Alep (Syrie) (AFP) – Les rebelles ont perdu le tiers de leur bastion d’Alep-Est face aux forces du régime syrien, qui espère faire rapidement tomber la principale place forte de l’opposition, où le moral des civils est au « plus bas ».

Une perte d’Alep-Est infligerait aux différents groupes insurgés -qui vont des « modérés » aux islamistes alliés à des jihadistes- leur pire défaite depuis le début du conflit syrien en 2011.

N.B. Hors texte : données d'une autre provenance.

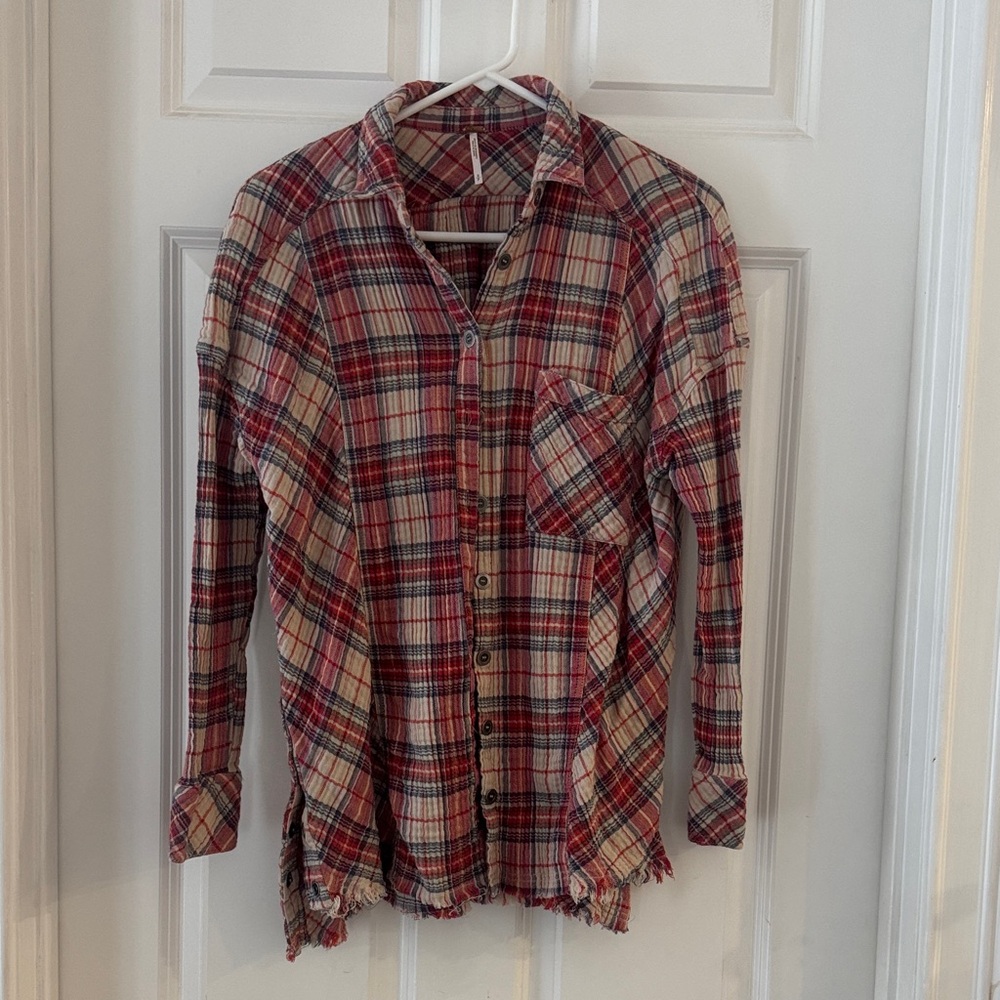 Free People Plaid Button-Up Shirt - Red and White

Face aux bombardements dévastateurs et aux combats de rue, des milliers de civils continuaient de fuir vers les zones plus sûres après avoir résisté pendant quatre mois au siège imposé depuis juillet par le régime.

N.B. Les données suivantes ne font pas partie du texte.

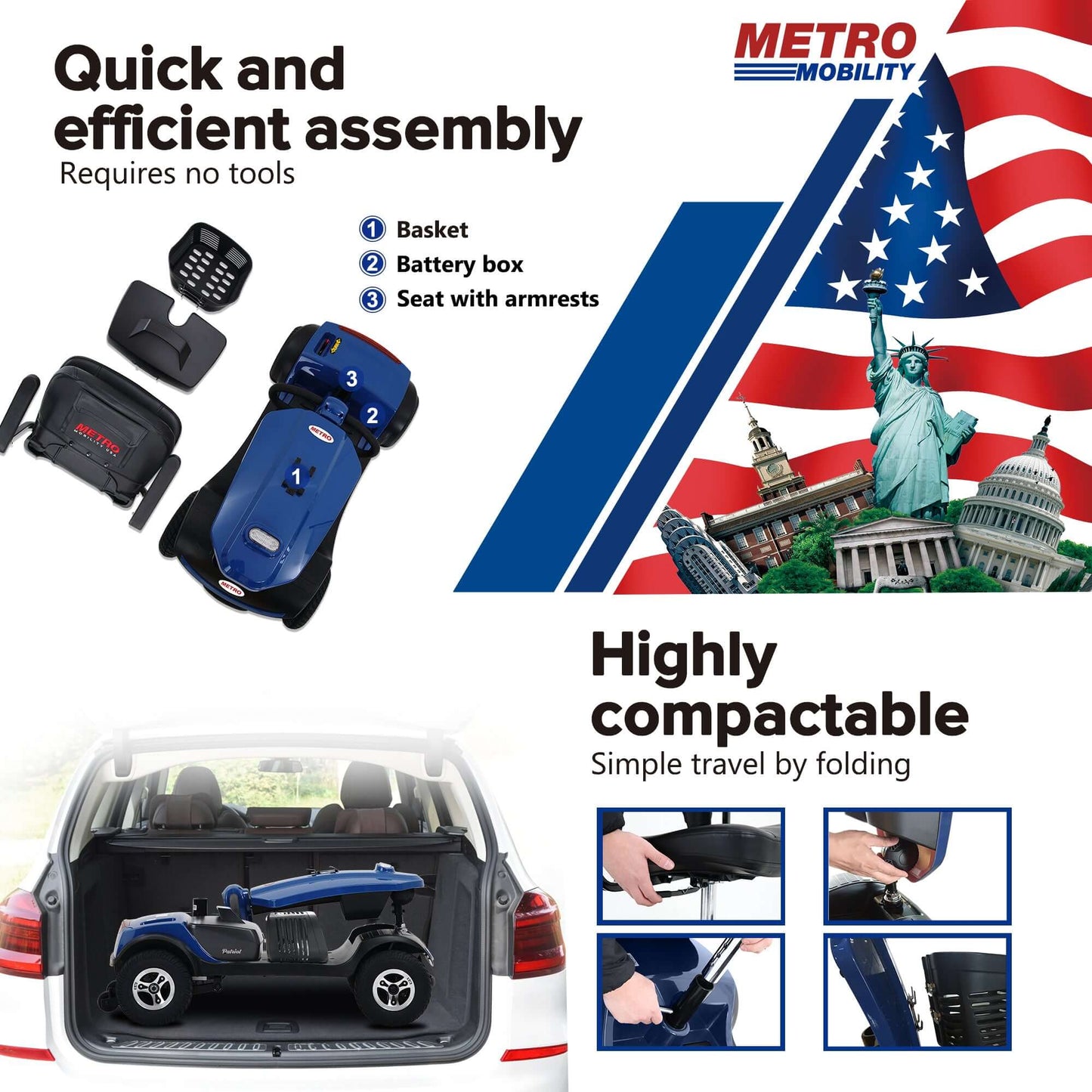 Metro Mobility Patriot Mobility Scooter - assembly and transport brochure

« Ce sont les pires jours depuis le début du siège. La situation est catastrophique. Il y a un exode massif et le moral est au plus bas », a témoigné Ibrahim Abou Laith, porte-parole des Casques blancs, le service des secouristes en zone rebelle d’Alep.

« Il n’y a ni nourriture, ni eau, ni abri, ni moyens de transport (…) les gens dorment dans la rue », a-t-il ajouté à l’AFP, la voix brisée. « Ma souffrance est indescriptible (…) Jusqu’à quand le monde sera contre nous? », s’est-il exclamé, en référence au silence international.

Parmi ceux ayant fui, des milliers d’habitants se sont rendus, souvent sans bagages, en zone gouvernementale. D’autres familles se sont réfugiées dans des quartiers encore contrôlés par les rebelles où des résidents leur ont donné des couvertures pour affronter le froid de la nuit, a constaté un correspondant de l’AFP.

– Trop déséquilibré –

Les troupes de Bachar al-Assad, forts de leurs moyens militaires supérieurs et l’aide d’alliés étrangers, se sont emparés totalement lundi du nord-est d’Alep, selon l’Observatoire syrien des droits de l’Homme (OSDH).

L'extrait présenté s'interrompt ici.